Question

(A) What is de Broglie hypothesis?
(B) Write the formula for de Broglie wavelength.
(C) Calculate de Broglie wavelength associated with an electron accelerated by a potential difference of $100\,volts$.
Given the mass of the electron = $9.1 \times {10^{ - 31}}kg$, $h = 6.634 \times {10^{ - 34}}Js$, $1\,eV = 1.6 \times {10^{ - 19}}J$

Answer 1

Hint De Broglie's hypothesis related the wavelength of a particle to its momentum. In quantum mechanics, as we zoom into the subatomic level, matter doesn’t always necessarily exhibit the particle behavior as we expect. It also behaves as a wave at the microscopic level.
Formulas used: For de Broglie wavelength $\lambda = \dfrac{h}{p}$ and momentum $p = \sqrt {2meV}$

Complete Step by step solution
The de Broglie hypothesis proposes that all matter exists in a dual state of waves and particles exhibiting wave-like properties. It relates the observed wavelength of a particle to its momentum.
The de Broglie wavelength $\lambda$ of a particle is associated with its momentum $p$, as per the formula $\lambda = \dfrac{h}{p}$, where $h$ is the Planck constant.
The momentum $p$ in the above formula is given by $p = \sqrt {2meV}$, where $m$ is the mass of the electron, $e$ is the charge of an electron, and $V$ is the potential difference through which the electron has been accelerated.
We calculate the de Broglie wavelength of an electron been accelerated by a potential difference of $100\,volts$ using the formula $\lambda = \dfrac{h}{p}$, and substituting the momentum $p = \sqrt {2meV}$.
Thus we get $\lambda = \dfrac{h}{{\sqrt {2meV} }}$
Substituting the values of $h$ ,$m$ and $e$ we get
$\lambda = \dfrac{{6.634 \times {{10}^{ - 34}}Js}}{{\sqrt {2 \times 9.1 \times {{10}^{ - 31}}kg \times 1.6 \times {{10}^{ - 19}}C \times 100\,V} }}$
Upon further solving we get,
$\lambda = \dfrac{{6.634 \times {{10}^{ - 10}}}}{{\sqrt {2 \times 9.1 \times 1.6} }}m$
$\Rightarrow \lambda = \dfrac{{6.634 \times {{10}^{ - 10}}}}{{5.396}}m = 1.229 \times {10^{ - 10}}\,m$

Hence the required answer is $1.23 \times {10^{ - 10}}\,m$.
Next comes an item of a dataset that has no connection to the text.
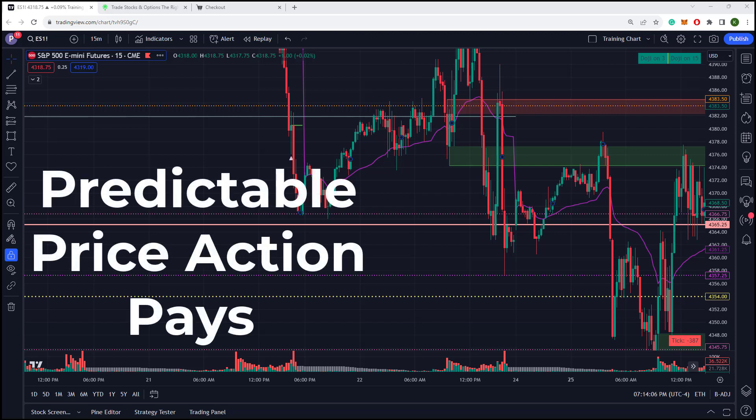Predictable price action pays big time. KD from The Wealth Wells. So today guys, we had an awesome day in the market. And what we're trying to ascertain is, are we able to really predict the future? And are we really able to set the targets and then know where the market is going?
Note The mass of the electron used in this formula is the rest mass of the particle and we generally use the rest mass in such equations unless specified. Also, the charge of the electron has been replaced in the formula with $1\,eV$, as an electron volt is the amount of energy gained by an electron when it is accelerated in a potential difference of $1\,Volt$ (numerical values of both being the same).